----- Available records

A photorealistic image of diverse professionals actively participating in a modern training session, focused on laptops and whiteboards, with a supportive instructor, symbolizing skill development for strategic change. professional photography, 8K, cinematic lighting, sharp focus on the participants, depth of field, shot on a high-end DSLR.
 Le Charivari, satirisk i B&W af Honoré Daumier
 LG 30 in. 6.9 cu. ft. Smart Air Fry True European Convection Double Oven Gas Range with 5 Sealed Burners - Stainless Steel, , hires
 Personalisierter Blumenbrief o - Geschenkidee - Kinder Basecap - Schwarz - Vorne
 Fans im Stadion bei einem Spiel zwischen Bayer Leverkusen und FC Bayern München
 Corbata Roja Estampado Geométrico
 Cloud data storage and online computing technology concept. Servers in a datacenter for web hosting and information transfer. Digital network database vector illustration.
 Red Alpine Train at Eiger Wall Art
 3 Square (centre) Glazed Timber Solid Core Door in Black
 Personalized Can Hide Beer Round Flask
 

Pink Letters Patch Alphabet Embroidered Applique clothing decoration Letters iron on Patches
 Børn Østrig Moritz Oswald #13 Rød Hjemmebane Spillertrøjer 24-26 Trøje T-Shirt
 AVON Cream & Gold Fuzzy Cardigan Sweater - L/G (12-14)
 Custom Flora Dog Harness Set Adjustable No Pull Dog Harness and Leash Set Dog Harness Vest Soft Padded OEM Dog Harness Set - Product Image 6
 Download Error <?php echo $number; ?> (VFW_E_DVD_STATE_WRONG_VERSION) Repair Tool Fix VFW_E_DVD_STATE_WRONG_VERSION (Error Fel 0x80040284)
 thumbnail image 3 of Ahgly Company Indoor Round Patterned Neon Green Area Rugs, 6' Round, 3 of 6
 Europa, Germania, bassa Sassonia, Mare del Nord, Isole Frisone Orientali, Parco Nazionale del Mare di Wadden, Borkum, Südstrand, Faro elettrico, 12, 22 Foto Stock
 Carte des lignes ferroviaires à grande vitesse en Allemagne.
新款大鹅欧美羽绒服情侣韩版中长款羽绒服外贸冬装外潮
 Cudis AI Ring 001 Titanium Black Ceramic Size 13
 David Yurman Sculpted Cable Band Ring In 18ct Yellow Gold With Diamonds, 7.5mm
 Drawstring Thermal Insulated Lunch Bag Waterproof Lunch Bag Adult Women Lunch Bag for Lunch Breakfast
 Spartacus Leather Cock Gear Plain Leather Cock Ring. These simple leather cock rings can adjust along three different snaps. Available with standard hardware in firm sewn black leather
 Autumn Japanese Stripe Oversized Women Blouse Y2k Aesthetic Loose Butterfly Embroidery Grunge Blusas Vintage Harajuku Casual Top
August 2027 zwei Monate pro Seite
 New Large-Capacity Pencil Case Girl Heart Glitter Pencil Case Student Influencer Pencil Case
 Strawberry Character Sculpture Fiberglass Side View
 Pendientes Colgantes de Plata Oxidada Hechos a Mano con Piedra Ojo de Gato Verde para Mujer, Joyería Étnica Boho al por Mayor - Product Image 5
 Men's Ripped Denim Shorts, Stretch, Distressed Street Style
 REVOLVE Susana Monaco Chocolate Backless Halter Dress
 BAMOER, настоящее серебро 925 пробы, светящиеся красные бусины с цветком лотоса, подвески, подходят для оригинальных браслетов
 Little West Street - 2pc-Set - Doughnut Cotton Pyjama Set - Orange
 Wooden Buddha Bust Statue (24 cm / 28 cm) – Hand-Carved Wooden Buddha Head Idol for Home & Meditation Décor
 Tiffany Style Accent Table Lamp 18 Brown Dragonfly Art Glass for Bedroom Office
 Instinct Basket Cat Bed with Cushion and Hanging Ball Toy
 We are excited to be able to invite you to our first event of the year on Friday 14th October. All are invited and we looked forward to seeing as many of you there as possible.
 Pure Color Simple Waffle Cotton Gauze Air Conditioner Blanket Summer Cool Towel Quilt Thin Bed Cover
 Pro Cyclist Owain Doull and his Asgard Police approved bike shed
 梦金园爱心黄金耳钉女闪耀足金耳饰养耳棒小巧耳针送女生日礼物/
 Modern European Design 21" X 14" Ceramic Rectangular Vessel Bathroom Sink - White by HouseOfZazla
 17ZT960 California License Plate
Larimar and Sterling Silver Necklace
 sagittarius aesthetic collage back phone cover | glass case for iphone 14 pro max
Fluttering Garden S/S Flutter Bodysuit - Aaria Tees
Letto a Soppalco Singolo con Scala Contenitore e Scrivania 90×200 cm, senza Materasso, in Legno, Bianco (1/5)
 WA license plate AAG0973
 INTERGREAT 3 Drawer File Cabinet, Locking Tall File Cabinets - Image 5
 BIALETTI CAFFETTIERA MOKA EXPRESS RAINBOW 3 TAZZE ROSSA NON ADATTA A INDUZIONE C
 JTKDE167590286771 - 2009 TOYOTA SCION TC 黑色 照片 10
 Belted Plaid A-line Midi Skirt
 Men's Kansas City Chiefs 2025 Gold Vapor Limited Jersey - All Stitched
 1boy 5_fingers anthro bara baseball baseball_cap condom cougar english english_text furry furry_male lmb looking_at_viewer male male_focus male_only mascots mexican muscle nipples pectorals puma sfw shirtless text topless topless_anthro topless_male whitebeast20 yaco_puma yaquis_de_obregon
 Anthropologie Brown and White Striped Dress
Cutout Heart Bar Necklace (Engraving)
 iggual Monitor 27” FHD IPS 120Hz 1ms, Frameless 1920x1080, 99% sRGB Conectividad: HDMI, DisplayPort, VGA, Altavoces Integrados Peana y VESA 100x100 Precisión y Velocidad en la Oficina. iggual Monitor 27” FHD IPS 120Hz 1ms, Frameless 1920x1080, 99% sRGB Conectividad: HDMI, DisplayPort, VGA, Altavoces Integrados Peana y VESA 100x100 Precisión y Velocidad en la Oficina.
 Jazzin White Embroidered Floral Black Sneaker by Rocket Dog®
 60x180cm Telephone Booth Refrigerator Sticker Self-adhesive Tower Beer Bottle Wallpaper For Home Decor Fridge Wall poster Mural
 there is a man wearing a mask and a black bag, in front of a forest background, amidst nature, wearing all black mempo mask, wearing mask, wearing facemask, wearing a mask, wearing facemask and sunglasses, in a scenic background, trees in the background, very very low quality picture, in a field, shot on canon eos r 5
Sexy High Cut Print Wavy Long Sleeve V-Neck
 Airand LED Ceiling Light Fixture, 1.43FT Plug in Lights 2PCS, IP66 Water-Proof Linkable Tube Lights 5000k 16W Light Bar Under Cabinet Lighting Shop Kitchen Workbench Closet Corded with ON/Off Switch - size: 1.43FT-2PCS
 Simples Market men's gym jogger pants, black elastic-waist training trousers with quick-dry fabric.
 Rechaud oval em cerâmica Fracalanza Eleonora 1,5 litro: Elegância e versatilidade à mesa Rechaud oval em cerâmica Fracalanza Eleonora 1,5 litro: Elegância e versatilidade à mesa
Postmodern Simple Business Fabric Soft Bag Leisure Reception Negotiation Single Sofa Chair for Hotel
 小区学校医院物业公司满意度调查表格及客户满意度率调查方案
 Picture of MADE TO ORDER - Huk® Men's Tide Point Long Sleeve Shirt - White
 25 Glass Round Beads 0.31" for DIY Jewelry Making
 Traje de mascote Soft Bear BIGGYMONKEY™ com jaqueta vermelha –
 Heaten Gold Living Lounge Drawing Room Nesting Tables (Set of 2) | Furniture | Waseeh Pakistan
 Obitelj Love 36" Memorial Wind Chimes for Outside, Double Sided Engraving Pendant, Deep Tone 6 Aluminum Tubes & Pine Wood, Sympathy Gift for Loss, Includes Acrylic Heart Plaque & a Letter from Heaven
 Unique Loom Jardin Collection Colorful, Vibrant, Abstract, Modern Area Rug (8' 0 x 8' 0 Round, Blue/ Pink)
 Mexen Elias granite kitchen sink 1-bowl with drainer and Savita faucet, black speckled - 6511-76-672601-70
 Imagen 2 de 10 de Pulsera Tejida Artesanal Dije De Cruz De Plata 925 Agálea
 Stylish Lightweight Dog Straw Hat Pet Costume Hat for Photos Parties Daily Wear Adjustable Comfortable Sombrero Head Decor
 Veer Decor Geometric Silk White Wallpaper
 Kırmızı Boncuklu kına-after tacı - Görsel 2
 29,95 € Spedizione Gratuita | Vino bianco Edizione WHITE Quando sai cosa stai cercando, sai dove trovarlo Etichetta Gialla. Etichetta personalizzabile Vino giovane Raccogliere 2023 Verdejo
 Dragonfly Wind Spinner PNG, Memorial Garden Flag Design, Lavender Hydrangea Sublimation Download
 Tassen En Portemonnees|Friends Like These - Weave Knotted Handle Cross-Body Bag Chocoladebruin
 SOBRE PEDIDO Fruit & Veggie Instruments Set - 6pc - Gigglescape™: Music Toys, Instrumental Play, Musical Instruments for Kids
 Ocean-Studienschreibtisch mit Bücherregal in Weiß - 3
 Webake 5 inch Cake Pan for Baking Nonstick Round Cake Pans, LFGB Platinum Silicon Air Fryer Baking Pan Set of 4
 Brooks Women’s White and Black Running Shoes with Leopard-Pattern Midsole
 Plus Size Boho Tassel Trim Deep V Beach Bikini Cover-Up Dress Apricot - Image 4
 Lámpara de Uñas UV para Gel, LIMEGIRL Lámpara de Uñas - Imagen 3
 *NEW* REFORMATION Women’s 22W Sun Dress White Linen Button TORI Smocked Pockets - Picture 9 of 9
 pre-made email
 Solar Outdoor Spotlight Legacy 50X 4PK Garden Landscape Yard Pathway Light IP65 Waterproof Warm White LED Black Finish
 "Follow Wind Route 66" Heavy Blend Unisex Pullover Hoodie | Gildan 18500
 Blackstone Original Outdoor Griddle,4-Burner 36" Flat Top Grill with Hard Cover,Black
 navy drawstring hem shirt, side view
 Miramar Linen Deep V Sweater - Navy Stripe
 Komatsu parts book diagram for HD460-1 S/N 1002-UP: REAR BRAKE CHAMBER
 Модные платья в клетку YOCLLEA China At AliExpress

----------

> Exercise brief:
Please reproduce, exactly as they appear above, the lines from the line containing "Le Charivari, satirisk" up to and including the line containing "Corbata Roja Estampado Geométrico".

> Problem solution:
 Le Charivari, satirisk i B&W af Honoré Daumier
 LG 30 in. 6.9 cu. ft. Smart Air Fry True European Convection Double Oven Gas Range with 5 Sealed Burners - Stainless Steel, , hires
 Personalisierter Blumenbrief o - Geschenkidee - Kinder Basecap - Schwarz - Vorne
 Fans im Stadion bei einem Spiel zwischen Bayer Leverkusen und FC Bayern München
 Corbata Roja Estampado Geométrico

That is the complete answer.